**What the task asks:** When you copy the listing, skip the images and return each line verbatim.

**Dataset section:**
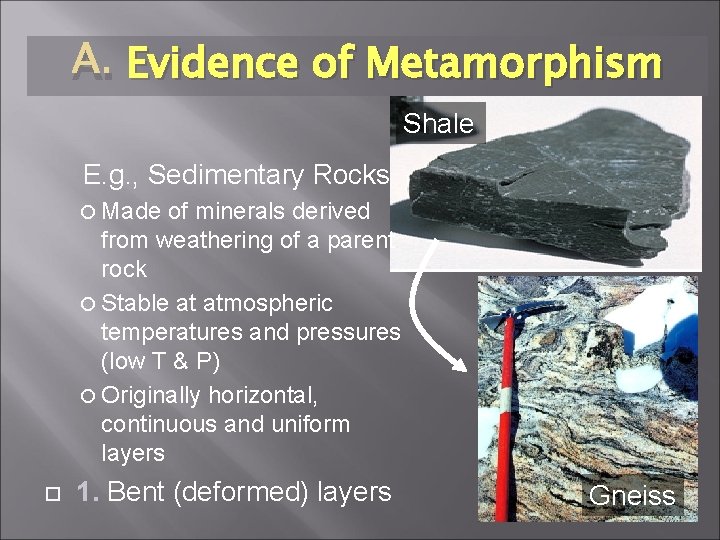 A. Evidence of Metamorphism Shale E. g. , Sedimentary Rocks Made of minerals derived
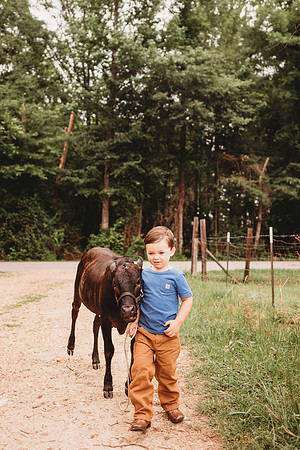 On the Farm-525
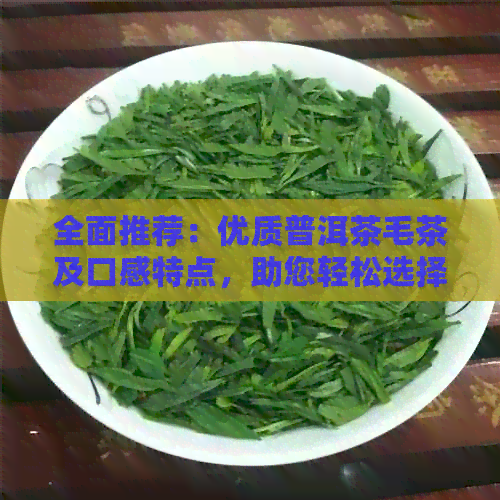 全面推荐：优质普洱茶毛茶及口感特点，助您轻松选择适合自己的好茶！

**Answer box:**
 A. Evidence of Metamorphism Shale E. g. , Sedimentary Rocks Made of minerals derived
 On the Farm-525
 全面推荐：优质普洱茶毛茶及口感特点，助您轻松选择适合自己的好茶！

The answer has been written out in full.